11 Aralık 2010 Cumartesi

Alışmış Bağımlıdan betermiş..

                  Tam ''aha bişiler yazmam geldi '' dediğim andaa modemde yanan o güzel yeşil ışıklardan eser yoktuu..! baya uğraştım yanmaya niyetleride yoktu..öyle boş boş pc ekranına bakıyodum.artık nasıl bi ruh hali içine girdiysem '' nolcak şimdi bişi yazamıcam , sabah kalkınca bakarım bidaha dershaneye gitmeden yazarım 5 dkkada , evet evet hem gece yatakta da bi sürü şeyler gelir aklıma '' diye düşünürken birden yem yeşil ışıklar belirdiii..tabi bu süre zarfında sevgili ttnet amcamın kulaklarını iyi çınlattım..


       Arkadaş akşam nasıl bi yemek yediysem oturduğum yerden kıvranıyorum yaa! acaba zehirlendimmi..of hayır zehirlenmiyim hastane falan hiç uğraşcak halim yook!! insanın midesinden önce gözünün doyması gerekmiş ben bunu bir kez daha anlamış bulunmaktayıım..hayır bide hayvaan gibi yediğim halde niye ben kilo alamıyorum kiii !!?? normal etli butlu bi insanım ama hiç değilse şöyle bi 80-85 kilo arası bişey olsam seyir zevki yüksek bi insan olurdum..ne var yanii benimde hakkım değilmi şöyle ben yoldan yürürken angelina jolie kılıklı bi kız dönüp arkasını baksın olamaazzmıııı..! egom tavanlarda hadi hayırlısı..

                    Vücudumun ihtiyaçlarını ben anlamakta gerçekten çok büyük zorluk çekiyorum. Sanki o bebek bende annesi ağlamaya başlayınca ne istediğini tahmin edip onun isteğini karşılamaya çalışıyorum.ama tutturamadığım zamnlar çok oluyo..Vücudumla ben aynı dili konuşmuyoruz anlaşılan..bazı zamanlar oluyo ya bişi istiyorum bişiler ama ne diyip mutfaga dalıyorum su içiyorum , yemiyoo. Bakınıyorum az daha çikolata falan tıkınıyorum , yemiooo . Tuvalete gidiyorum içimde ne varsa boşaltıyorum , yemiooo.
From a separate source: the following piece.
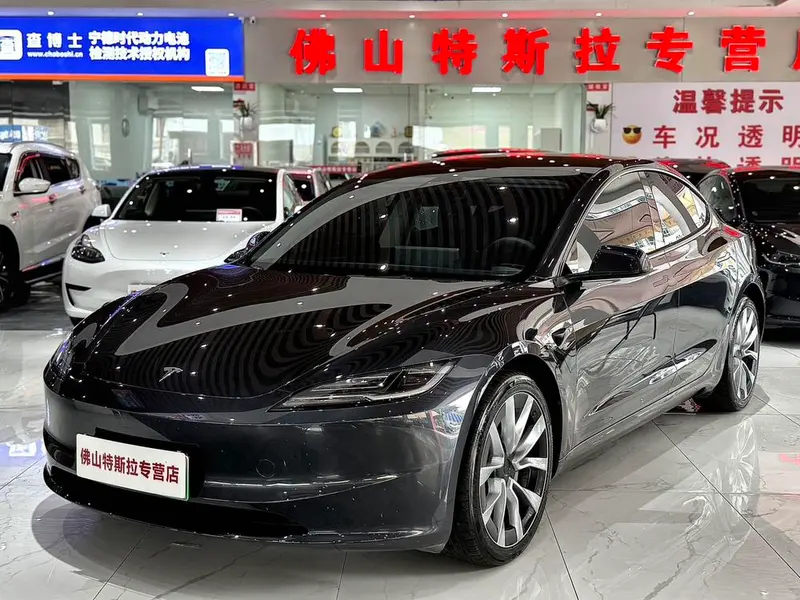 Tesla Model 3 Long Range AWD Edition, 2023 — фото 1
Duş alıyorum yok arkadaş olmuyo bişiler istiyorum..sonra gidip anneme sarılıyorum birden bu bişiler isteme olayı bitiveriyo..Yaşasın problemi bulduk..ama ben niye direk anlıyamıyorumki bu işte bi gariplik var. sonradan farkettim ben her gün uzuun uzuun sarılıyomuşum anneme.o gun boyunca evde değildim sarılamamıştım..çok ilginç , çokk..
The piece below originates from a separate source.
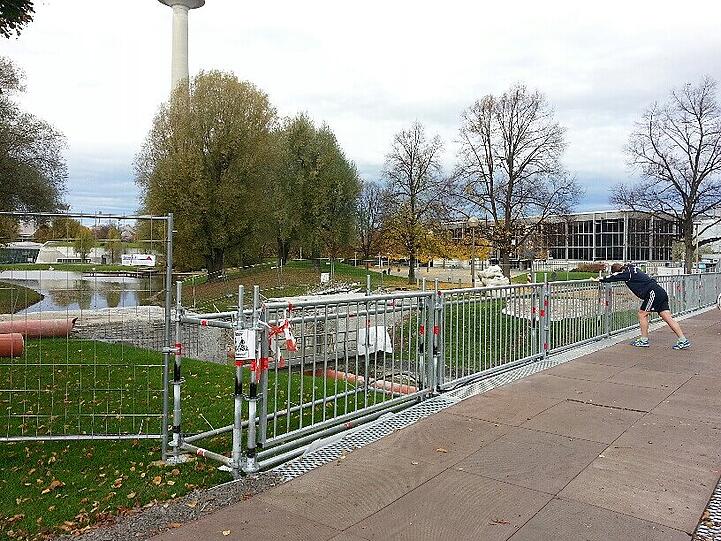 Sanierung einer Fußgänger-Brücke im Olympiapark. Foto: Strasser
         Eskiden okula giderken ve dönerken bişey farketmiştim..Sürekli aynı esnafa selam verip sürekli aynı kişilerle aynı muhabbetleri edip ; ki bu muhabetler oo moruk naber , nasıl gidiyo hayat , ben dersi kaçırmıyım hadi eywiiii şeklinden ileri gidememiştir...sürekli tek bi hat üzerinde gidip geldiğimi fark ettim..sonra durdum düşündüm.Lan ne kadar sıkıcı bi hayatın var senin dedim.gunde en az yarım saatın aynı geçiyo hiç bi değişiklik olmuyo..! bu böyle olmıcak dedim ve kendi üstümde çeşitli deneyler yapmaya başladım..bi sabah farklı bi hat üzerinden gitmeye başladım ; sağ kaldırım değilde sol kaldırım..Okula gittim oturdum sırama..bugun bişey var içimde bi terslik var diyip duruyodum millete..bütün gün böyle gezindim eve dönerken fark ettim neyde terslik olduğunu..! ve her günkü yolumdan devam ettim..aynı hissi evdede yaşıyamazdım uzun bi süre boyunca berbat bi his çünkü ...
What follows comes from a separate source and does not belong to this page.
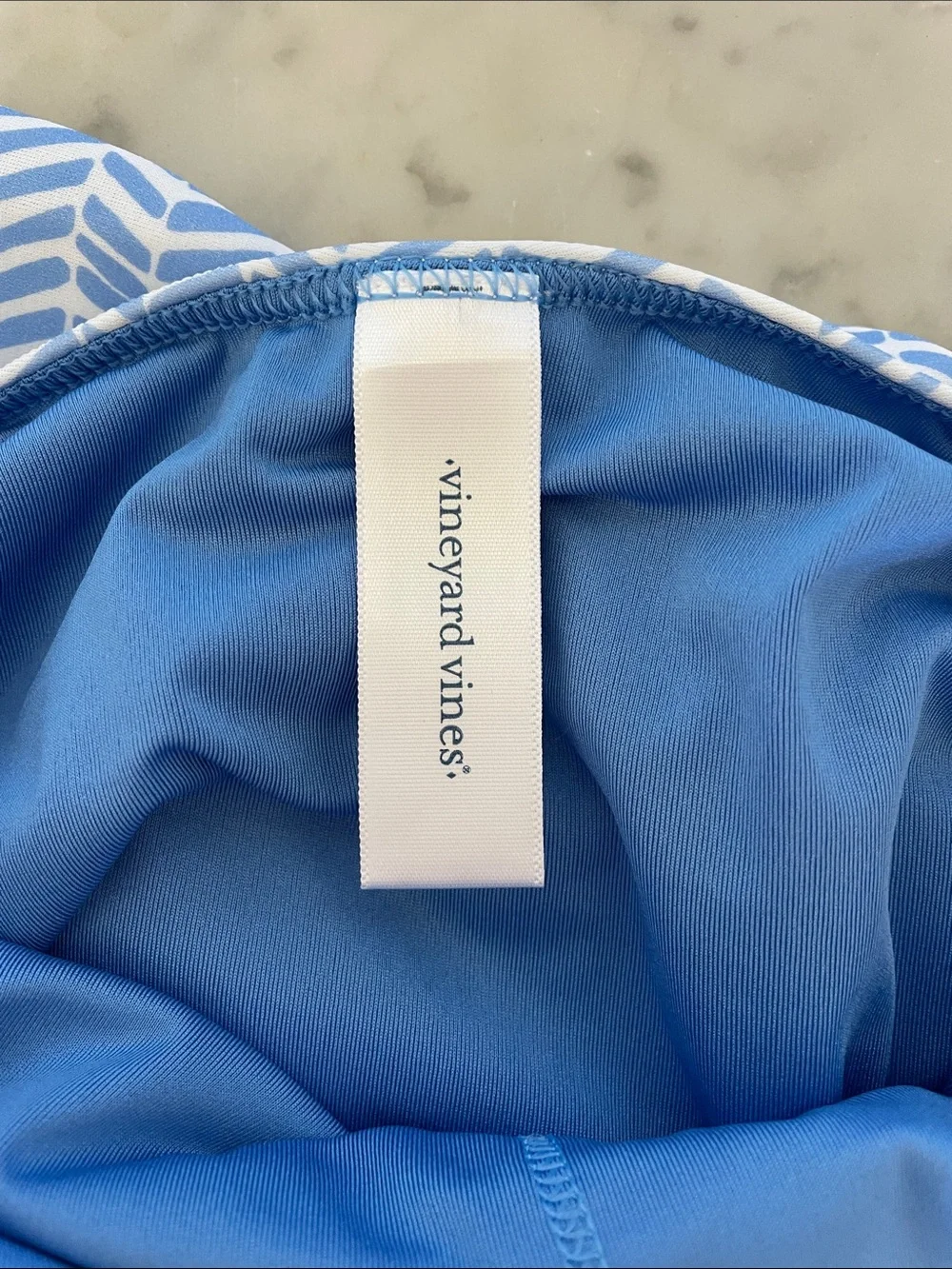 VINEYARD VINES Bayside Blue and White Chevron Ruffle Strap One-Piece Swimsuit M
                    Zamanla hayata karşı bakış açım level atlıyodu tabiki..Artık sürekli monoton şeyler yapmıcağıma inandırmıştım kendimi..mesela bi küçük tuvalete gidiyodum bi büyüğüne , sürekli aynı bardaktan su içmiyodum , aynı kişilerle mesajlaşmıyodum..Mesajlaşma konusu ayrı bi dünyaaaa..Tam bir Hastalııııkkk !!! yeni ergen dönemlerimde bir kaptırmışım bu olaya kendimi günde en az 500 tane mesaj atıyorum..karşı taraf cevap vermeyince bi sürü trip falan alıp başını gidiyo tabiki..geçen döneme kadar böyleydi bu olay.artık dedim dostoyev kendine bi dur de..sonuçta koca adam oldum elinde halaaa tel tık tık tık mesaj yazmakla vakit geçiriyosun..ayıp..bu düşünceler gün geçtikçe hakim oldu beynime ve Telimi kapattım.. Sanki var ya hayata bağlandığım soluk alma ünitemi kapatmışlar gibi hissediyodum..Berbat bi şey ya buu..Allahtan iradem güçlüde o günleride atlattım gerçi şimdide kontör yuklemiyorum ama mesajlaşma defteri hiç açılmamak üzere kapandı bende..sadece acil durumlar hariç..(:

          Vazgeçebilmek büyük bir erdemliktir..nasıl bağlanıp alışabiliyosan aynı şekilde vazgeçmekte senin elinde olan bişey..Bugune kadar gördüğüm tablo insan evladı bi başkası için hiç bişeyden vazgeçmiyo..vazgeçen kendisi için vazgeçiyo..Ben kendim için hayatımın nerdeyse %95 ine ait olan her şeyden vazgeçtim..mutsuz değilim..ama eskisi kadar mutluda değilim..Herşeye sıfırdan başlamak yorucu yıpratıcı üzücü olabilir..bu doğum sancılarına katlanmak zamanı geldiğinde harika bir bebeğide sizin kucağınıza vericektir emin olabilirsin..Dostoyev sancıları bol bol çekmeye devam ediyo..Alışkanlıklarınızı gözden geçirmeyi unutmayın..İyi geceler (:

9 Aralık 2010 Perşembe

Sadık Hizmetçi

     Uzaklara doğruu baktıım baktıım baktıım. . sonra farkettimki uzaklarda bana doğru bakıyo.ilginç gelebilir size böyle bi ilk cümle aman allahım bu dostoyev delirmiş diyebilirsiniz.ama yok ya wala bak delirmedim. henüz yani..yok yok benden deli olmaz..uzakla kesişirken birilerinin bu dünyada bulunduğumum farkında olduğunu hissettim.bi anda mutlu oldum sonra baktım otobüsüm gelio koştur koştur yetiştim.yeri gelmişken belirtmek isterim ya yaklaşık 29348204 tane daha otobus koysunlar yada aramızdan 1-2 kişi seçelim hergün sıra sıra binelim böyle olmuyooooo!!!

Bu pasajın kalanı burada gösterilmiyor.